The latest APRA quarterly data for the period to the end of December 2015 shows that, on average, industry super funds have outperformed retail super funds by 1.86 per cent over the past 11 years.
Since December 2004, industry funds have achieved average annual net returns of 6.92 per cent versus 5.07 per cent from retail super funds.
Meanwhile, data from research firm SuperRatings shows a difference of more than 2 per cent over 10 years, in comparison to bank-owned funds.
“The outperformance of industry super funds, which return all profit to members, adds up to a difference of many thousands of dollars in super savings,” said David Whiteley, chief executive of Industry Super Australia.
“That’s why it’s vitally important to choose a high-performing fund that will work hard to invest your retirement money.”
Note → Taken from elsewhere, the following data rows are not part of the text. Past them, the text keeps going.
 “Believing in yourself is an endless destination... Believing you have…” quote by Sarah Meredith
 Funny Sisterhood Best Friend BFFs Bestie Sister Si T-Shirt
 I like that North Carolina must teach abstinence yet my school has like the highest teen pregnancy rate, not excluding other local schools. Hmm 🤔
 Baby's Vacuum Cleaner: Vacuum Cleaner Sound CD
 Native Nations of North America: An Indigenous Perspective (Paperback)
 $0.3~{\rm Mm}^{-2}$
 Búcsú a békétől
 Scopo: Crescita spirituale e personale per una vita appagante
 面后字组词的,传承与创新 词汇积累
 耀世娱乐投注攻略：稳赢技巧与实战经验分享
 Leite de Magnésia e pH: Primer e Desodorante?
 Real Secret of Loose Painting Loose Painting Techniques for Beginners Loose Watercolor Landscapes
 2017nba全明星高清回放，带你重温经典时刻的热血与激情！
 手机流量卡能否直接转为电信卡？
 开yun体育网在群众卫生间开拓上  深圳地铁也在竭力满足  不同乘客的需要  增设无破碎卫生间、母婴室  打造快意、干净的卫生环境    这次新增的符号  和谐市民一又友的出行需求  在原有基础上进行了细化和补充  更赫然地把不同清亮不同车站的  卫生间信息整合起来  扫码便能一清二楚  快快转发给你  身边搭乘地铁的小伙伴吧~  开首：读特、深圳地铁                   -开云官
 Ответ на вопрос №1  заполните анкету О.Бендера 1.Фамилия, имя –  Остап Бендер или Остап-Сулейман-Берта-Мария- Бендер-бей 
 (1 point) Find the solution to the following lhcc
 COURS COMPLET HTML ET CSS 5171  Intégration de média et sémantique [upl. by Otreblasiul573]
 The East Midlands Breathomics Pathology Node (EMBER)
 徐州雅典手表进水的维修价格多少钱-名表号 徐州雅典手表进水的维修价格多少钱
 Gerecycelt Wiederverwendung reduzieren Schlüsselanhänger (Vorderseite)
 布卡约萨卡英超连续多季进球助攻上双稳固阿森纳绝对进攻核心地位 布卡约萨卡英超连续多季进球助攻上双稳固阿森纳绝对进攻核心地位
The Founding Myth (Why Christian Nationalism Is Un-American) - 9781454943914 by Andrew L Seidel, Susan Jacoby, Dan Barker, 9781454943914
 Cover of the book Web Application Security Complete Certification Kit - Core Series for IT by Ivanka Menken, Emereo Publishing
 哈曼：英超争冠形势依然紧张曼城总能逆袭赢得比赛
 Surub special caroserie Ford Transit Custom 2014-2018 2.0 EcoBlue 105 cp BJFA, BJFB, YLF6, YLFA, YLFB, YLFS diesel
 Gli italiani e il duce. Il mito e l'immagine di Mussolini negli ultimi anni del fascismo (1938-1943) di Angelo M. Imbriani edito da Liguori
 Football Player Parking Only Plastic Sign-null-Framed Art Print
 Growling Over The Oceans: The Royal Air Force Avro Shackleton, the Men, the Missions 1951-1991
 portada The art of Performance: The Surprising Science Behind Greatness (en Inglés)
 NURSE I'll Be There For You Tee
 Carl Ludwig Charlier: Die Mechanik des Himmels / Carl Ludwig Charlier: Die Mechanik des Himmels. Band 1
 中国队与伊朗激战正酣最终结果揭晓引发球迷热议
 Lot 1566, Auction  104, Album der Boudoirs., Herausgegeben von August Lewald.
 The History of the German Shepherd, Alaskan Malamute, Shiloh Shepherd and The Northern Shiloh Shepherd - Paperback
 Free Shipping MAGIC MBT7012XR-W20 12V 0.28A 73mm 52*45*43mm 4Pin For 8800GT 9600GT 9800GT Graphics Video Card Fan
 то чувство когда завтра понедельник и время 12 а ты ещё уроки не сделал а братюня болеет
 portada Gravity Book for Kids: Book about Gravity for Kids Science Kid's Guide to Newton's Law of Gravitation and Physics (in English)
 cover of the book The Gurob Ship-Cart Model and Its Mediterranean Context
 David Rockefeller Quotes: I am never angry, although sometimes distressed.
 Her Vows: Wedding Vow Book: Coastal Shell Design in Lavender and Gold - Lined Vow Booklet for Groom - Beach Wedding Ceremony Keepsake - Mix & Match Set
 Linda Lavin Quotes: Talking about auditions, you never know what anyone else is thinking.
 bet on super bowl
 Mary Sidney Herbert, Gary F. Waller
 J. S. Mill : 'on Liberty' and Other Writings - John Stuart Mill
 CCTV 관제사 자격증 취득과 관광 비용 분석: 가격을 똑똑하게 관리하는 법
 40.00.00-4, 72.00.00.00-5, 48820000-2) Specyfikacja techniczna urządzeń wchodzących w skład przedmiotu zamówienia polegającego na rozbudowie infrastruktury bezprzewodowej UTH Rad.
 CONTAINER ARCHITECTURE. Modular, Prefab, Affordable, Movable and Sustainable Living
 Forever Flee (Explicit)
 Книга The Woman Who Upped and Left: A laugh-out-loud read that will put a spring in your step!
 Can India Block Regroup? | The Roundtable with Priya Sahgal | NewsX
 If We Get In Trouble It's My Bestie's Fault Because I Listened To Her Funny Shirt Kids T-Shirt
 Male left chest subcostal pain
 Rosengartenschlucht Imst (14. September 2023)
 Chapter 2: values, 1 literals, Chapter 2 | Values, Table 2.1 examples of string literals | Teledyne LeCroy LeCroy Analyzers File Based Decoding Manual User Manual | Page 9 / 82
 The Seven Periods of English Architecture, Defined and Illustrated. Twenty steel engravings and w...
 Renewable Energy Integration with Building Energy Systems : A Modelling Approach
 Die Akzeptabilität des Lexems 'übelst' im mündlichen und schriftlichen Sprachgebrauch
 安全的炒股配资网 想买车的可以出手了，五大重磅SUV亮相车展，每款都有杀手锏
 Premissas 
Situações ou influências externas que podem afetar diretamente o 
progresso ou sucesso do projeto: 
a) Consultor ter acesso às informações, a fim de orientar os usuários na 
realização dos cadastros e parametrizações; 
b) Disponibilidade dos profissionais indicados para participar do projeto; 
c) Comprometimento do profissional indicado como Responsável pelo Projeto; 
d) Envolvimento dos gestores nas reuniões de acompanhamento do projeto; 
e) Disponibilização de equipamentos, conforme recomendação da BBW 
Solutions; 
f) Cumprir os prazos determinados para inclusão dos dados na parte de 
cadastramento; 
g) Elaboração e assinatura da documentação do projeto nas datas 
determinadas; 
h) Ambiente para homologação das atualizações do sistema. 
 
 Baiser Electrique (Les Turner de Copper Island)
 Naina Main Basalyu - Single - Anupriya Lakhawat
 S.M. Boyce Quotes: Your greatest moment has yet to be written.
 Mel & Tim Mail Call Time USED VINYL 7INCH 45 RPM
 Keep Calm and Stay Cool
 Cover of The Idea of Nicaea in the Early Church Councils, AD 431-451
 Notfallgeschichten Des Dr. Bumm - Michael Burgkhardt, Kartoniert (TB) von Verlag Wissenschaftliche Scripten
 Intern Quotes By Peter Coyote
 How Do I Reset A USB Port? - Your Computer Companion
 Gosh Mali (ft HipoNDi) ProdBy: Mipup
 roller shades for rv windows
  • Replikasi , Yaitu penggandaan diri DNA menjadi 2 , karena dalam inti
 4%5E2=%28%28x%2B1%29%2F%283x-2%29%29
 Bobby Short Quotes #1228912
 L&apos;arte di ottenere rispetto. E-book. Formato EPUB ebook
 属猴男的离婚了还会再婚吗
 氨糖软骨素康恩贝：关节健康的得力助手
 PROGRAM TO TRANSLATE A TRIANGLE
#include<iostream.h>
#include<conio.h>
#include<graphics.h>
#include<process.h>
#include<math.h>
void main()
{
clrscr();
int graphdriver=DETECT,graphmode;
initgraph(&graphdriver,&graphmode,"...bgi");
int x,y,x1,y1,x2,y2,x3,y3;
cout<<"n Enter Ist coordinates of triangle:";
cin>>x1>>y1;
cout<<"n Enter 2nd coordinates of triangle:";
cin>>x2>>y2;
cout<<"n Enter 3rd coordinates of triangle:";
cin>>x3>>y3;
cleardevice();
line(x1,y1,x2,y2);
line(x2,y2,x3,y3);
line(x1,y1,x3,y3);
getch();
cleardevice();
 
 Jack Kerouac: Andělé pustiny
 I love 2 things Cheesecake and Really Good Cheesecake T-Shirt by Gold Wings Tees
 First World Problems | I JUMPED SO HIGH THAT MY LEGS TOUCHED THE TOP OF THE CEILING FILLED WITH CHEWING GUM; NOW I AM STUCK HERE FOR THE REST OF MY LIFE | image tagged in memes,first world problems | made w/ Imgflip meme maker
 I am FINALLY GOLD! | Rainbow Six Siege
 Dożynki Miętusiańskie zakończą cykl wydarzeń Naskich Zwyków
Mr Whiteley said these figures highlight the ongoing underperformance of bank-owned and retail super funds, which take a profit and consistently deliver less to members.
“While the banks chase profit at members’ expense, industry super funds are focused on getting the best super returns for Australians by making deep, long-term investments especially in infrastructure, which in turn strengthen the foundations of Australia’s economy,” he said.
The APRA data also shows that total superannuation funds in Australia topped $2 trillion by the end of last year, up from $1.93 trillion the year before.
Total member super contributions in the 12 months to December 31 rose 3.4 per cent to $103.9 billlion from $100.5 billion.
DISCLOSURE: The New Daily is owned by a group of industry super funds.